Straits Times: Wed, Jan 18

THE recent property cooling measures might have to be fine-tuned, depending on how persistently sales volumes drop, according to Far East Organization chief executive Philip Ng.

He told a briefing yesterday that the 10 per cent additional buyer’s stamp duty for foreigners is ‘a very big number’.

He also said that the measures had led Far East and its partners to drop the prices for the upcoming launch of its Watertown project in Punggol Central.

Foreigners, the main target of the new cooling policies, have shown less interest in the project than at launches before the measures, noted Mr Ng.

He said the measures may eventually need to be tweaked.

‘Indeed, there could be some calibration or tiering perhaps, but that’s something that has to be discussed with good data between developers and policymakers.

‘At this point, it’s pretty early days and you can see that there was already a drop in December,’ he said, referring to the 63 per cent plunge in new private homes sales last month.

He added that the policy should be allowed to run for a while to gauge if the sales decline is persistent before deciding if the policy needs calibrating.

Mr Ng made his comments at a briefing on the upcoming Watertown launch.

The 992-unit estate has a development cost of more than $1.6 billion and is being jointly developed by Far East, Frasers Centrepoint and Japanese firm Sekisui House. It will be integrated with a mall of 370,000 sq ft of net lettable shop space and a Shaw Theatres Imax cinema.

Prices have been cut by 5 per cent to 8 per cent in response to the cooling measures.

The first 250 units will be sold at a starting price of $1,080 per sq ft (psf) after the discount and are expected to go on the market next week.

Even with the price reduction, the development will still be the priciest project in Punggol, trumping Sim Lian Group’s A Treasure Trove, which was priced at $866 psf at its launch last September.

Watertown will consist of suites, ‘small office, home office’ (Soho) apartments, sky patios and residences. About 55 per cent of the units will be less than 700 sq ft.

Mr Ng said: ‘We’re reflecting the trends of major global cities like Hong Kong, Tokyo, London and Paris.
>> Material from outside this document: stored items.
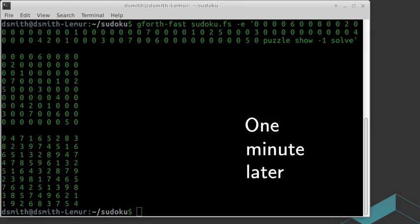So there you have it. Two simple backtracking Sudoku solvers. One in APL and one in FORTH. The APL program is shorter, but I wouldn't say APL offers an advantage for this problem. Thanks for coming by.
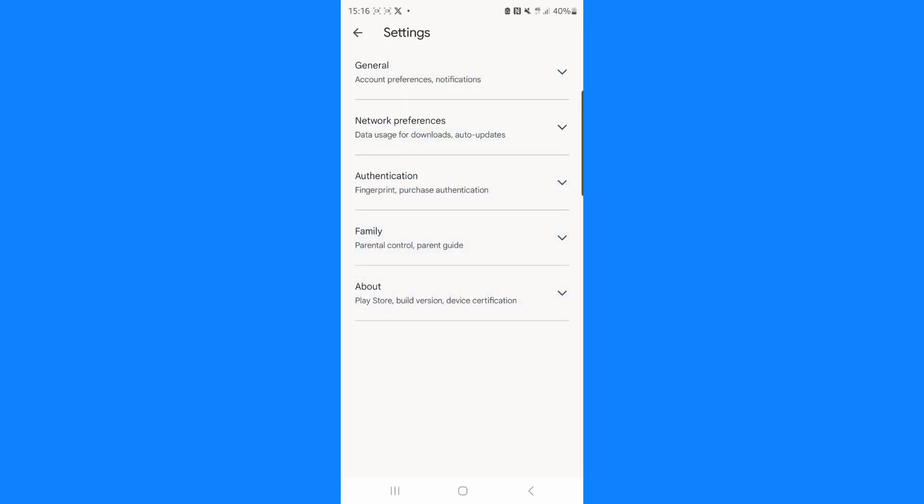And then once we click on that you will get these drop down menus here and the one we need in today's video will be the about drop down menu.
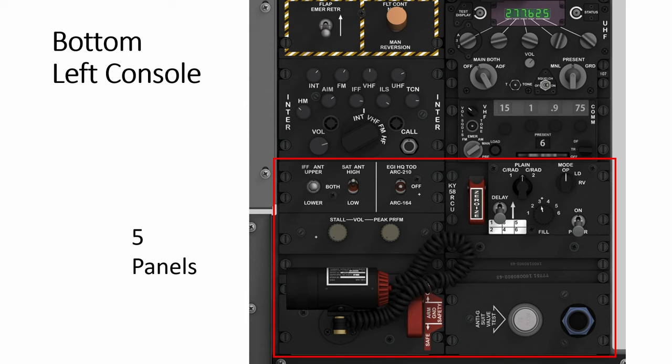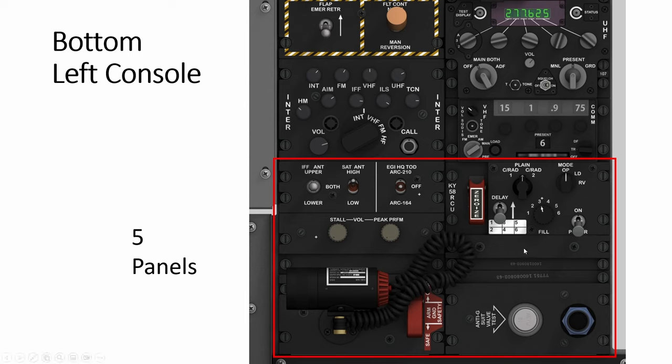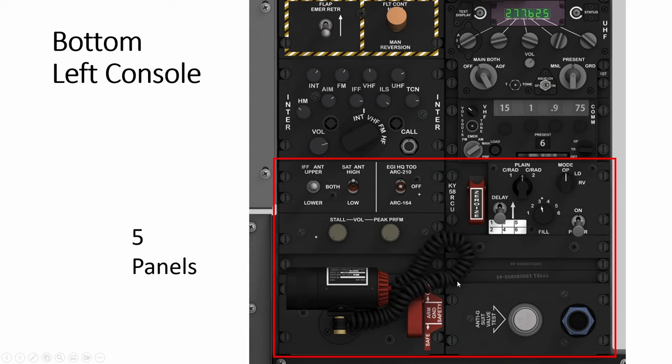So today we look at these five panels starting with the anti-G and then the arm ground safety, the stall volume controls, the antenna and the KY58.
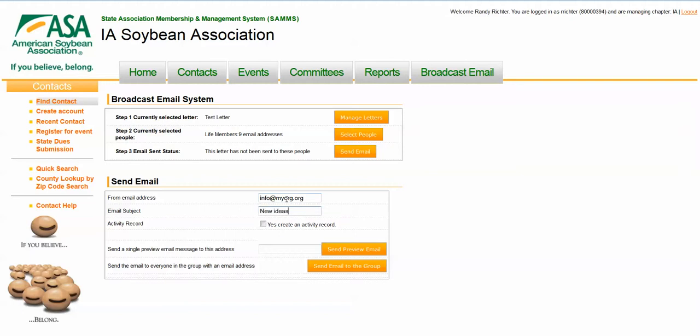We can create an activity record if we want. We can send a sample email to see what it would look like to a particular email address. And then when we're done, we quickly hit send email to the group. When we do that, it'll loop through each of the records and it'll send an email message.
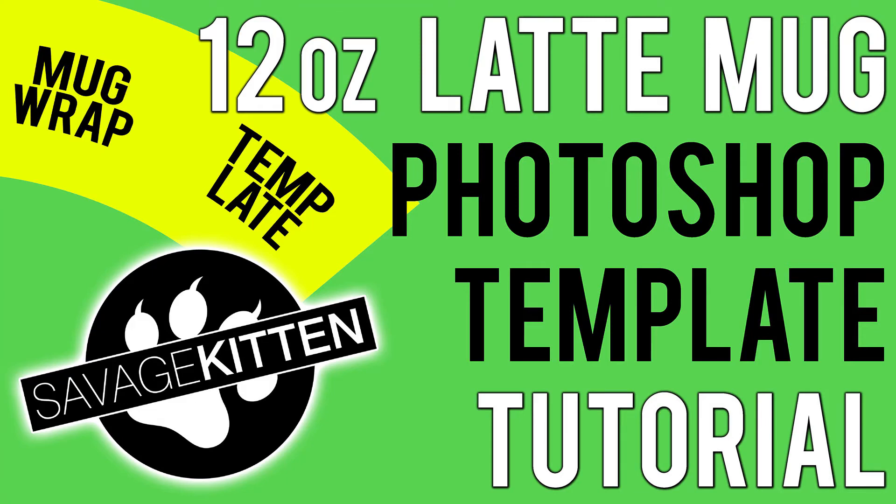Hey, very warm hello to you. This is Phil from Savage Kitten with a short Photoshop tutorial on how to make a reusable template for small 12 ounce latte sublimation mugs.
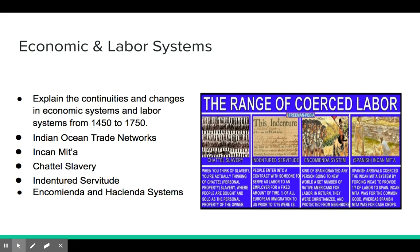We talked about economic and labor systems in the new world, explaining the continuities and changes in these systems. The Indian Ocean trade networks was a primary area of focus, talking about how those trade networks continued to function as they always did, even with the introduction of Europeans. We also focused on labor systems: the Incan mita system, chattel slavery, indentured servitude, and the encomienda and hacienda systems that took place in the Spanish new world.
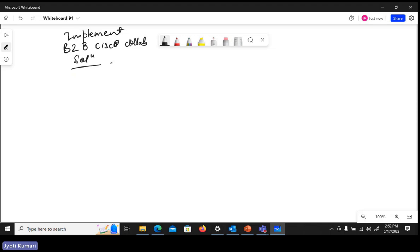Additionally, we need to have dial plans for making calls outside to other networks. For that, first we need to have traversal zones — a traversal zone on Expressway C and Expressway E. That's what we saw in the lab and how we can configure those.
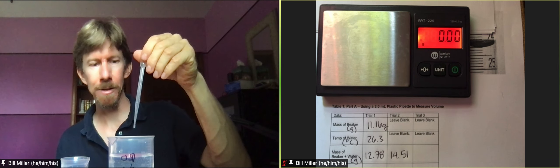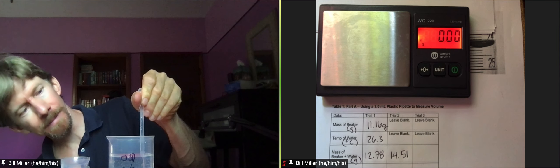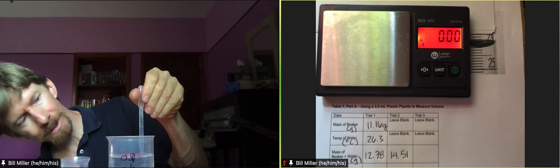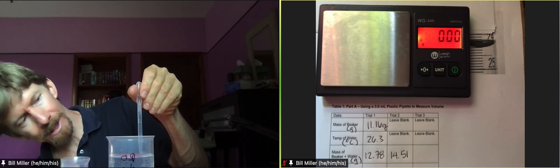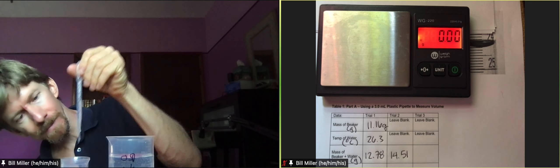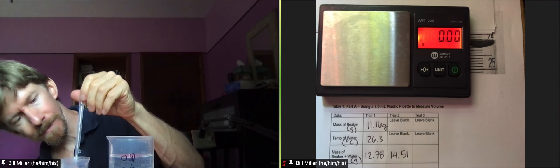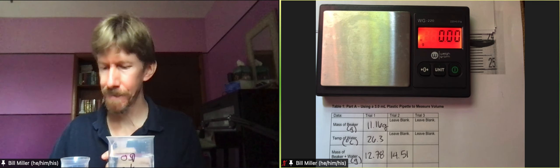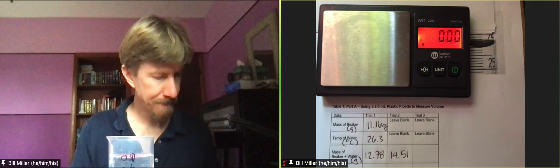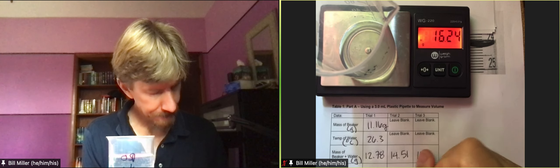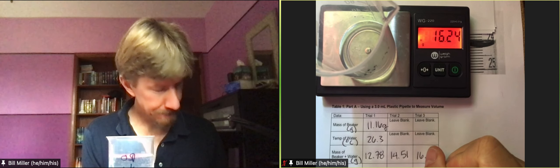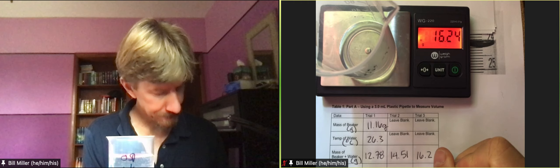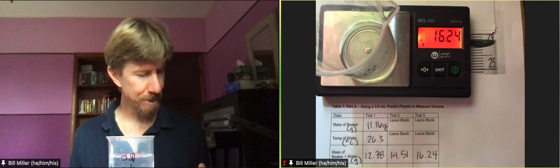This time I get 14.51, not emptying it. Again so squeeze it out, right to the two milliliter line, squeeze it out. This time I get 16.24.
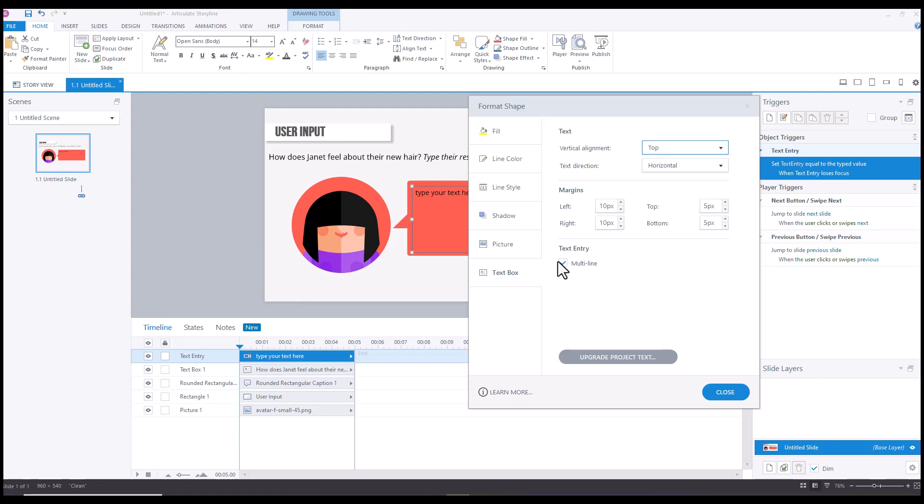So if you notice that your text is not wrapping for a data entry field, it's likely because this is deselected. So I'll just deselect that.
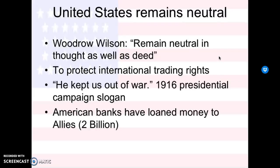So why does the U.S. remain neutral? The U.S. remains neutral because we just got to the end of this whole imperialism thing. Woodrow Wilson had practiced moral diplomacy, saw the problems going on, and knew we had to focus on problems within the United States. So he said we need to remain neutral in thought as well as deed — we completely need to remain neutral. He wanted to protect international trading rights because if they weren't neutral, they would no longer be able to trade with certain countries. And in 1916, his presidential campaign slogan was 'he kept us out of war.'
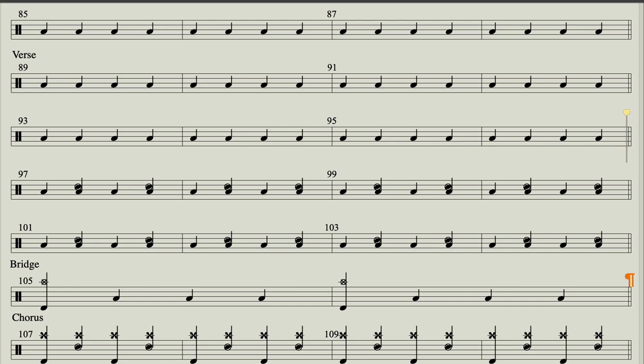And I'm bleeding, and I'm bleeding, and I'm bleeding right before the Lord. All the words are gonna bleed from me and I will think no more.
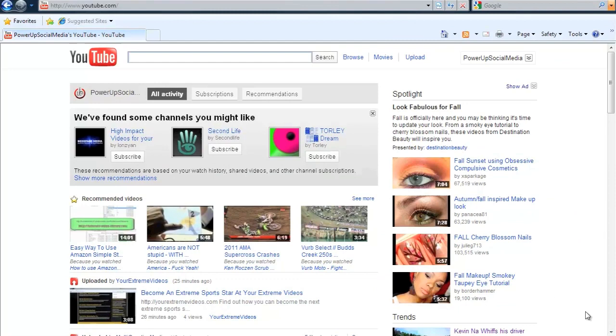Hey this is Tim with Power Up Social Media. Today I want to show you how to add annotations to your YouTube videos.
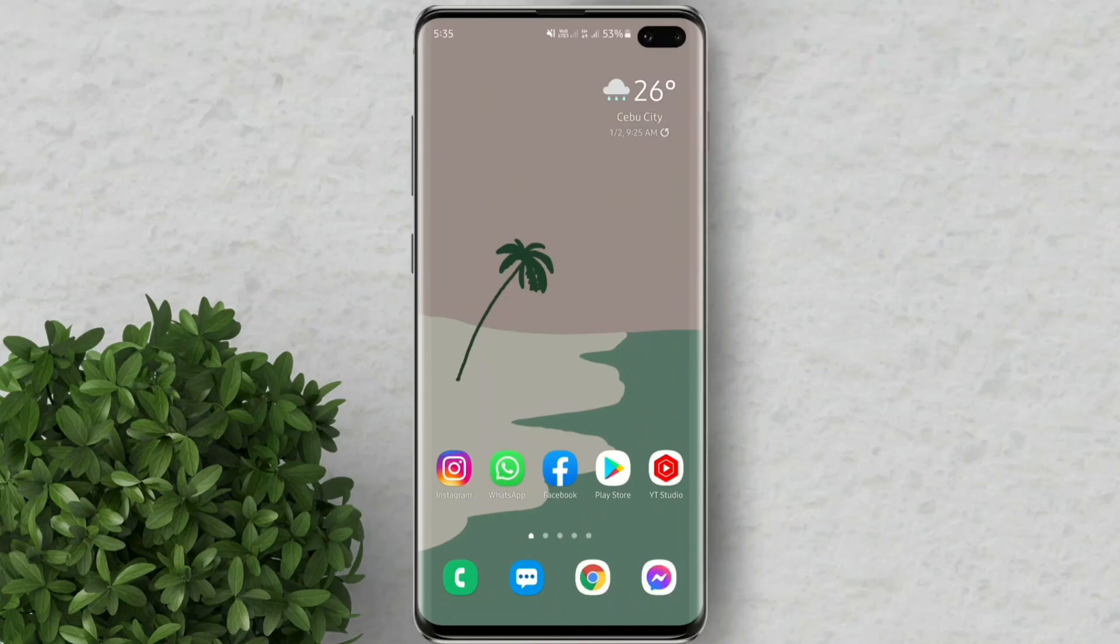Welcome to Filmoments Tutorials. In this video I will show you how to compress a video on Android.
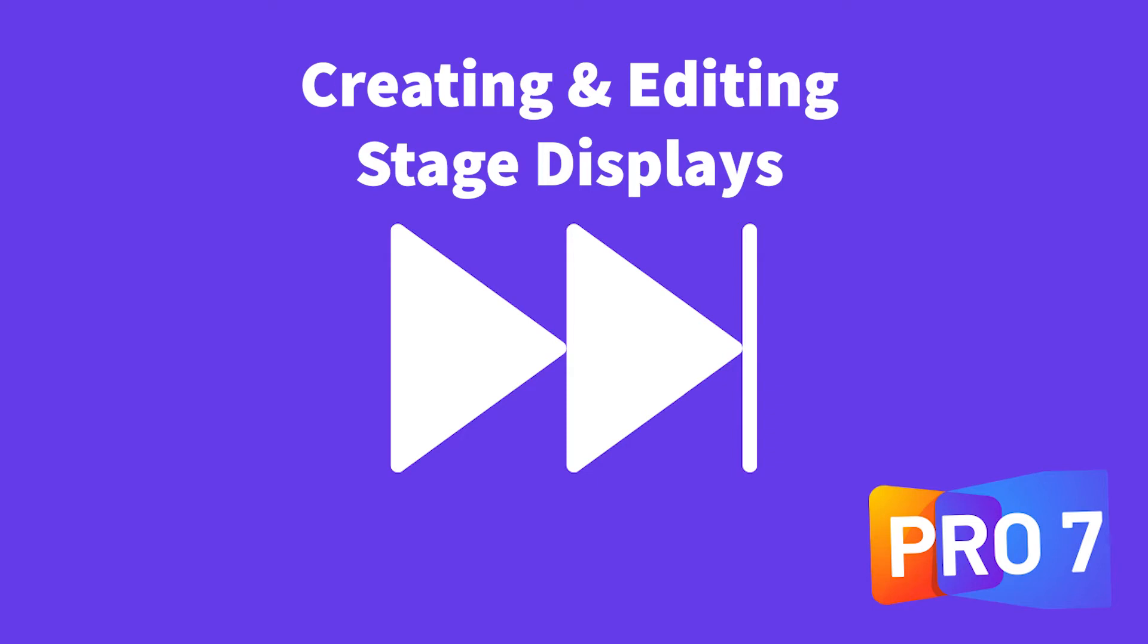In this Fast Pro Presenter tutorial, we're going to look at how we can set up and configure different stage display screens. Let's get started.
They do have a sizable amount of small units in their stock… Most of our sales of small units have been quite well-received.’

He expects foreigners to account for less than 10 per cent of Watertown’s sales.

Mr Lim Ee Seng, chief executive of Frasers Centrepoint, did not give the briefing his forecasts on how the residential market might pan out but alluded to land tenders that closed after the cooling measures were imposed on Dec 7 as a gauge of sentiment.

Bids for these tenders were between 10 per cent and 20 per cent lower than those for nearby sites tendered earlier.